あと一応、Portal 2を3D立体視化してCardboardで見てみる、というのも試してみました。これは若干手順がややこしくて、概略だけ書いておくと、AndroidにはTrinusVRを、PCにはTrinusVRのサーバーソフトとTriDef 3Dをインストールし、それとTriDef 3Dからゲームをウィンドウモードで起動できるようレジストリを変更する(TriDef-3D-Ignore-Requires-Fullscreen.regなどの)用意が必要でした。TrinusVRというのが、PCから端末へ映像をストリーミングするソフトウェアなのですが、フルスクリーンには対応していないためです。

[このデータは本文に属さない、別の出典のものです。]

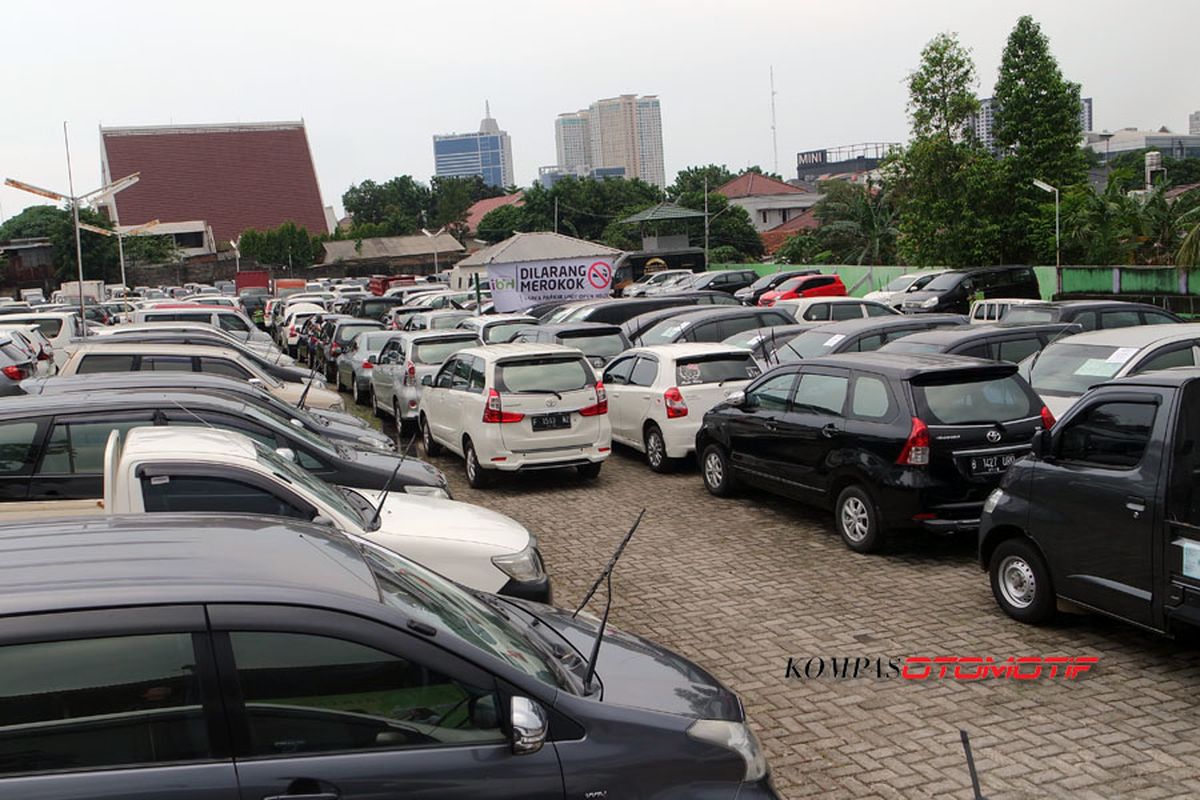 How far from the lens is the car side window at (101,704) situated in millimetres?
3148

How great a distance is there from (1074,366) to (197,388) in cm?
848

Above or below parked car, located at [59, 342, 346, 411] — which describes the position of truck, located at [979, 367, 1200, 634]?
below

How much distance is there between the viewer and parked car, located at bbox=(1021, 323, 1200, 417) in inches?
432

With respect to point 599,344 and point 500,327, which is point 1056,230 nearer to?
point 500,327

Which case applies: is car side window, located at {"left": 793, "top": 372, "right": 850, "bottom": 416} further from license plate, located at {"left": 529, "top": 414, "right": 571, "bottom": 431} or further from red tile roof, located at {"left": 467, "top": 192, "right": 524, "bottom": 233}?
red tile roof, located at {"left": 467, "top": 192, "right": 524, "bottom": 233}

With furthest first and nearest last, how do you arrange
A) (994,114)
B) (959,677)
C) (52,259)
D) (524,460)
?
1. (52,259)
2. (994,114)
3. (524,460)
4. (959,677)

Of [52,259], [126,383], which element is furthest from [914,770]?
[52,259]

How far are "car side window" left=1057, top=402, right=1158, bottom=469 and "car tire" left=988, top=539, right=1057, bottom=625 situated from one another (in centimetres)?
70

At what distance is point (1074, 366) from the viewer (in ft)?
37.6

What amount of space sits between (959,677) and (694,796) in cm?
371

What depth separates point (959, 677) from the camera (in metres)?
6.88

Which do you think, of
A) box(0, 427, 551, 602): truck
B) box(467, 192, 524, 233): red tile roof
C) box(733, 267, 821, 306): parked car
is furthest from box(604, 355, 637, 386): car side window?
box(467, 192, 524, 233): red tile roof

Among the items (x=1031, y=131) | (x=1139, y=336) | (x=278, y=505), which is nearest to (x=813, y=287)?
(x=1031, y=131)

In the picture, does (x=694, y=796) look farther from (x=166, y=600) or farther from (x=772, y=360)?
(x=772, y=360) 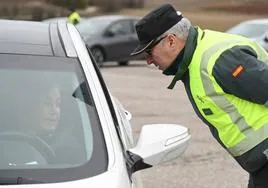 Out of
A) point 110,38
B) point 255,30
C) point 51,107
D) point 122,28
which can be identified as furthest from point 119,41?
point 51,107

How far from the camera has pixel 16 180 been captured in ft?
9.97

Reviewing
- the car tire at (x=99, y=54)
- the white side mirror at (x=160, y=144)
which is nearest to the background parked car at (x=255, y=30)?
the car tire at (x=99, y=54)

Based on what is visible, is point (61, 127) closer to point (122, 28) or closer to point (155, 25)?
point (155, 25)

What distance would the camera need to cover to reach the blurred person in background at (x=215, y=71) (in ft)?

試してみた結果、確かに、3D空間になったPortal 2の世界を自由歩き回れる!…のだけど、やはり視界が狭いせいかCardboardではいまひとつでした。そして酔いそう。
なんにせよ、気になっていたのでこの機会に試すことができて良かったです。
私はVRには(かなり)期待をしていて、それはOculus Touchの発表なんかを見て、物理肉体を超えたSF的な何かへと安易にイメージが飛躍してしまうからなんだけど、それはそれとしても。ゲームなんかにしても、もはやグラフィックがいくら美しくなってもハードに魅力は感じないけれど、VRはひとつ壁を超える可能性があると思っています。世の中的には、3D(3Dテレビや、ニンテンドー3DSの3Dに特化したコンテンツ)がいまいちウケなかったこともあり、一過性のブームで終わらせてしまうことに警戒感があるような気がします。
Cardboardに関しては、今回の多言語対応などによって、これからもう少しおもしろいコンテンツが出ることを期待して。また何か気づいたことがあれば、別の記事で書くかもしれません。